Paroles de madZ en Service Civique
Cléo — 25 ans
Cléo est en cours de mission pour l’ONG La Guilde, mission qui devra durer un an et porte sur le nouveau programme européen, intitulé EU Aid Volunteers. Ce programme prévoit l’envoi de volontaires de nationalité européenne sur des sites à l’étranger pour des missions humanitaires (de prévention de cataclysmes, par exemple).
« Ce n’est pas toujours facile de faire une mission de Service Civique, du point de vue financier, parce que l’indemnité est basse. J’habite en région parisienne, ce qui rend les choses plus difficiles. En plus, mon entourage ne comprend pas forcément mon engagement. Pour moi c’est une mission très valorisante et une expérience professionnalisante. »
Fanny — 22 ans
Fanny est aussi encore engagée dans sa mission de 8 mois, au sein de la fédération Léo Lagrange, qui cherche à donner accès à l’éducation et à la culture à tous•tes, avec des principes de bienveillance et de laïcité au sein des départements. Fanny est aussi étudiante en théâtre et concilie Service Civique et études.
— Est-ce que la société te paraît suffisamment aménagée pour les jeunes en Service Civique ?
Cléo : Dans notre société, quand on n’a pas un CDI, on a pas grand-chose, et tout se verrouille. Sans compter qu’on balade une image de précarité qui n’est pas facile à gérer au niveau du logement, des banques, du transport… Selon moi, il devrait y avoir un meilleur accompagnement pour que le Service Civique soit davantage pratiqué.
Fanny : Non, pas vraiment. Il y a un manque d’accompagnement réel, mais aussi un manque de visibilité et de compréhension. Il y a encore une forme de reconnaissance à trouver.
— Est-ce que le Service Civique est une sorte de point de repère de citoyenneté ?
Cléo : Personnellement, j’avais déjà tendance à me placer dans ce prisme citoyen avant de commencer ma mission, mais je pense que le Service Civique est un bon prolongement de l’engagement et de la citoyenneté, qui encourage à se tourner vers les autres. Par exemple, j’ai vu le quotidien de personnes âgées très isolées, et on se rend beaucoup mieux compte de l’impact de notre société individualiste.

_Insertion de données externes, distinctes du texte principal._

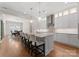 Modern kitchen with stainless steel appliances, granite countertops, and a view of the dining room at 17728 Jetton Green Loop, Cornelius, NC 28031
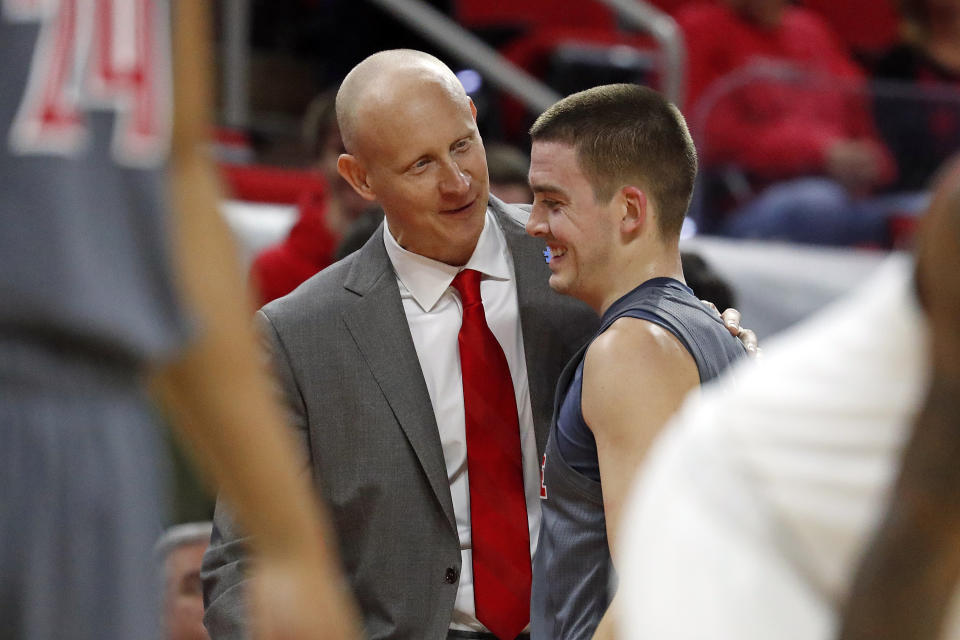 Louisville head coach Chris Mack congratulates Ryan McMahon (30) during the closing minutes of the second half of an NCAA college basketball game against North Carolina State in Raleigh, N.C., Saturday, Feb. 1, 2020. (AP Photo/Karl B DeBlaker)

Et en plus, c’est toujours mieux que le chômage, c’est plus gratifiant.
Fanny : Oui ! En plus, c’est souvent une première expérience professionnelle pour la plupart d’entre nous. Mais c’est davantage par rapport à la mission qu’on peut s’approprier sa citoyenneté, plutôt que par le Service Civique en lui-même.
Par contre, il y a encore des progrès à faire sur la communication : soit les gens ne savent pas ce que c’est, soit ils ne comprennent pas pourquoi on le fait, et c’est problématique. Sans compter que le Service Civique doit aller davantage vers les jeunes, c’est un vrai manque.
— Que t’a apporté le Service Civique ?
Cléo : J’ai rencontré plein de gens, mais ça aussi influencé ma vision du monde et ça m’a aidée à sortir de mon cocon, et d’un point de vue un peu franco-français que j’avais. Ça m’a aussi aidée à sortir de ma zone de confort et à développer de la fierté pour mon travail (elle développé le site d’EU Aid Volunteers, ndlr).
Fanny : Ça a été une vraie découverte d’un milieu, et c’est une deuxième corde à mon arc, professionnellement parlant. J’ai aussi gagné en maturité et en confiance, et je me sens utile.
Ça m’aide aussi à trouver une forme de légitimité dans le travail même notre statut ambigu joue parfois contre nous (le fait de faire le même travail qu’un employé mais d’être payé•e moins, et d’avoir un manque de reconnaissance). »
Je pense qu’on peut le dire : longue vie au Service Civique !
Les Commentaires
J'étais mieux payée durant mon stage de M2 que je ne le serais en service civique. Mais effectivement, ça dépend vachement des structures.